When you write something intellectual you have the world at your fingertips, you can do anything, you can play any chord you want, you can move into any time signature you want, you can use any instruments you want, you can play in two key signatures at once if you like, hell you can disregard tonality and play all the notes at once over and over again for 7 minutes if you'd like.

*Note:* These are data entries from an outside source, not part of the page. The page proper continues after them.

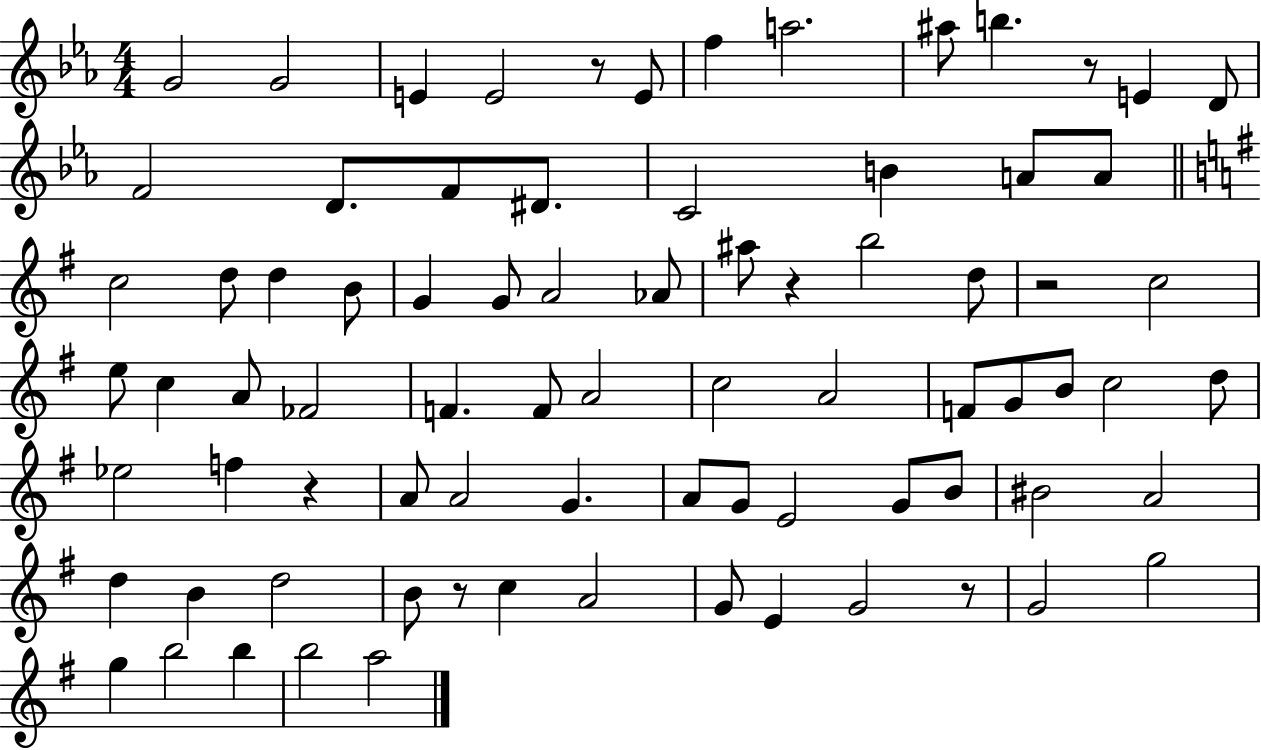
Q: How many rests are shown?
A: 7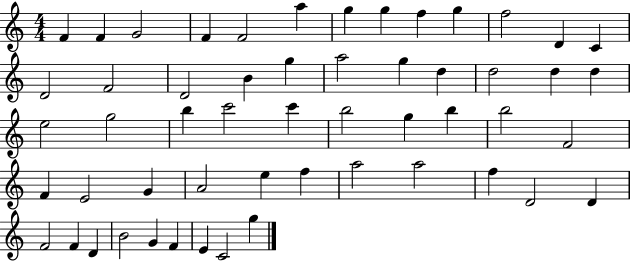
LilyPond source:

{
  \clef treble
  \numericTimeSignature
  \time 4/4
  \key c \major
  f'4 f'4 g'2 | f'4 f'2 a''4 | g''4 g''4 f''4 g''4 | f''2 d'4 c'4 | \break d'2 f'2 | d'2 b'4 g''4 | a''2 g''4 d''4 | d''2 d''4 d''4 | \break e''2 g''2 | b''4 c'''2 c'''4 | b''2 g''4 b''4 | b''2 f'2 | \break f'4 e'2 g'4 | a'2 e''4 f''4 | a''2 a''2 | f''4 d'2 d'4 | \break f'2 f'4 d'4 | b'2 g'4 f'4 | e'4 c'2 g''4 | \bar "|."
}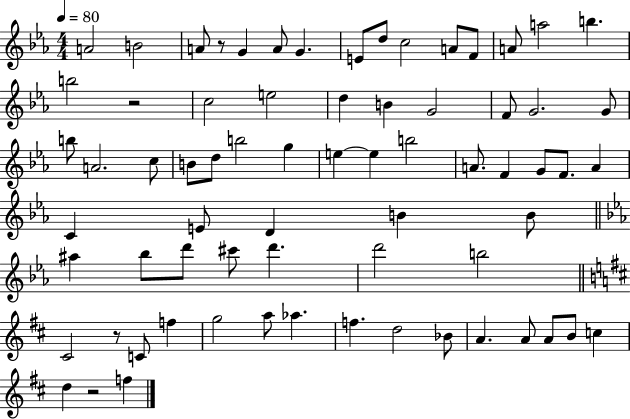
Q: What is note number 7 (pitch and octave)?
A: E4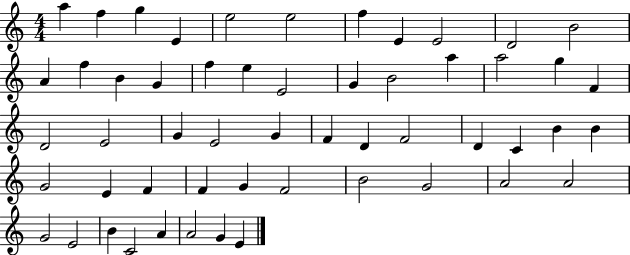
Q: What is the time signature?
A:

Now, if you want to make something that will sell to a mass audience, all those options are rendered unavailable to you and you've got to start making pure gold out of nothing. You've got the first the fifth and the fourth and you've got to make it not sound like shit; then you've got to make it sound like it's going somewhere, when it's not; then you've got to write a powerful melody using maybe only 4 or 5 notes. When you've done that you're still not done because you need to put words to it that 8/10 people will either relate to or enjoy. When you've done all that, you're still not done, you've got to sit down and remove every weakness and imperfection, you need to go completely by the book, things like movement in parallel fifths and doubled up 3rds will fuck you in the ass when you try to sell music to a mass audience, these things are proven to be less enjoyable (to the majority) and ultimately, less sellable; you need to hone the structure to damn near perfection, it needs to rise and peak in the right places, it's got to move on before it gets stale, it's got to end leaving you wanting more, it's got to be crafted so it will work on the radio and the dance floor and in somebody's living room... Oh and you've got to make it sound like they haven't heard it before, when they have.

...Then, when you've done all that, and you're finally done... You need to compete with every other fame hungry wanna be pop artist who just went through the same hell you went through.

Writing to a formula as limited as the pop formula is damned hard and incredibly competitive and you should have a lot more respect for anybody who can do it even if you don't personally like it.
nowaysj wrote:Best (brain) dance music is 100% forgettable, and that is a good thing. The songs are experiential. Complete immersion, ego death, transcendence, and then a return to reality. Who knows what happened when you were in there?
Truth is true.

Can't remember a single venetian snare tune yet he's one of my favorite artists.